● **Exercise description**
Give the data below again exactly as written, without its pictures.

● **Given data**
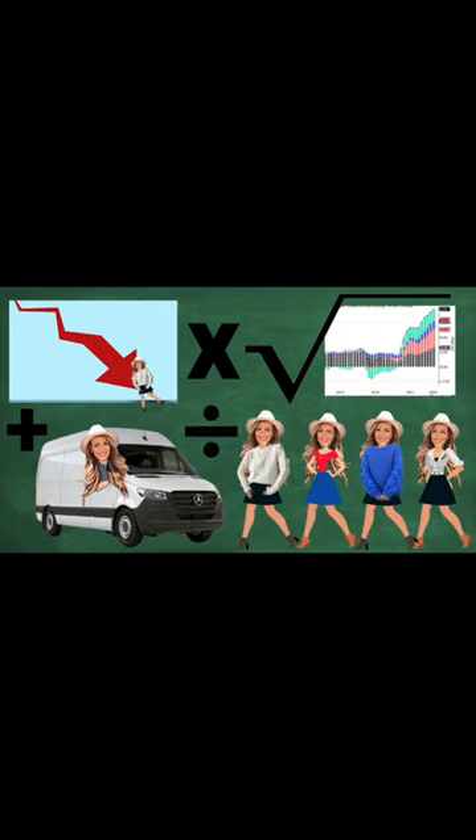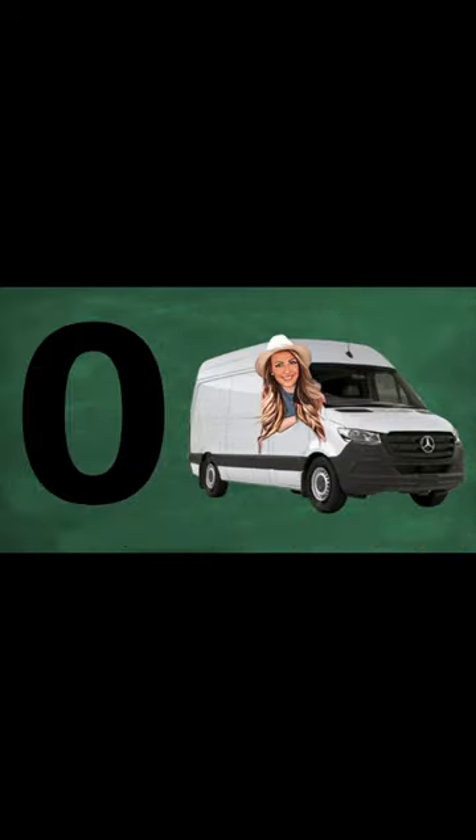A one recession times the square root of inflation, plus no job history for the last six months, divided by a shopping addiction squared, equals zero vans when I get back home.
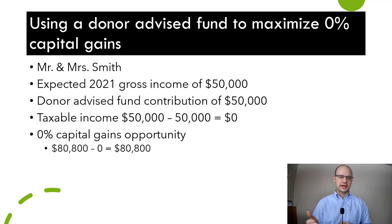Let's stick with the Smiths but look at a different set of circumstances. Let's say the Smiths estimate $50,000 of income this year, but they're charitably inclined and they've been good savers with a lot of cash savings. So they decide to establish a donor advised fund — let's say they're going to make a $50,000 charitable gift, which is deductible. So the Smiths' income for tax purposes is going to be their estimated gross income minus this charitable gift, which means they're zeroing out their income for tax purposes. That means they have an $80,800 opportunity to capture gains taxed at a 0% federal tax rate.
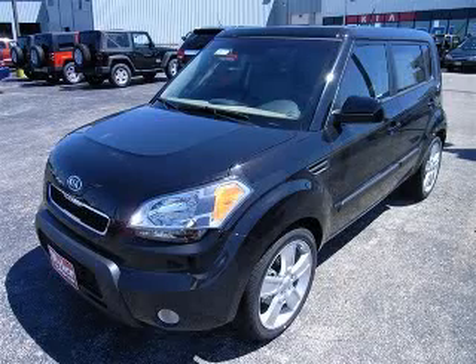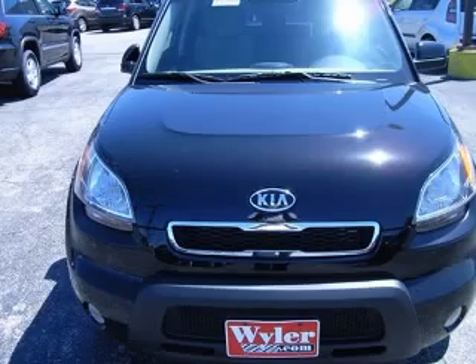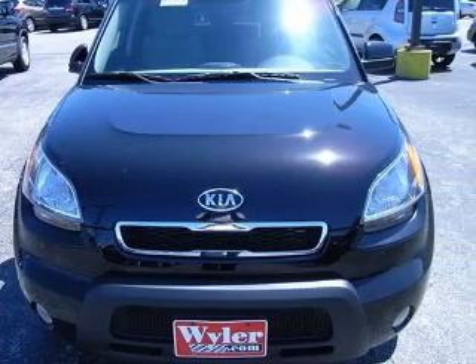Climb into this notable 2011 Soul and experience the kind of driving excitement that keeps you smiling all the way home. Runs mint.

● **Solution to this exercise**
A one recession times the square root of inflation, plus no job history for the last six months, divided by a shopping addiction squared, equals zero vans when I get back home.
Let's stick with the Smiths but look at a different set of circumstances. Let's say the Smiths estimate $50,000 of income this year, but they're charitably inclined and they've been good savers with a lot of cash savings. So they decide to establish a donor advised fund — let's say they're going to make a $50,000 charitable gift, which is deductible. So the Smiths' income for tax purposes is going to be their estimated gross income minus this charitable gift, which means they're zeroing out their income for tax purposes. That means they have an $80,800 opportunity to capture gains taxed at a 0% federal tax rate.
Climb into this notable 2011 Soul and experience the kind of driving excitement that keeps you smiling all the way home. Runs mint.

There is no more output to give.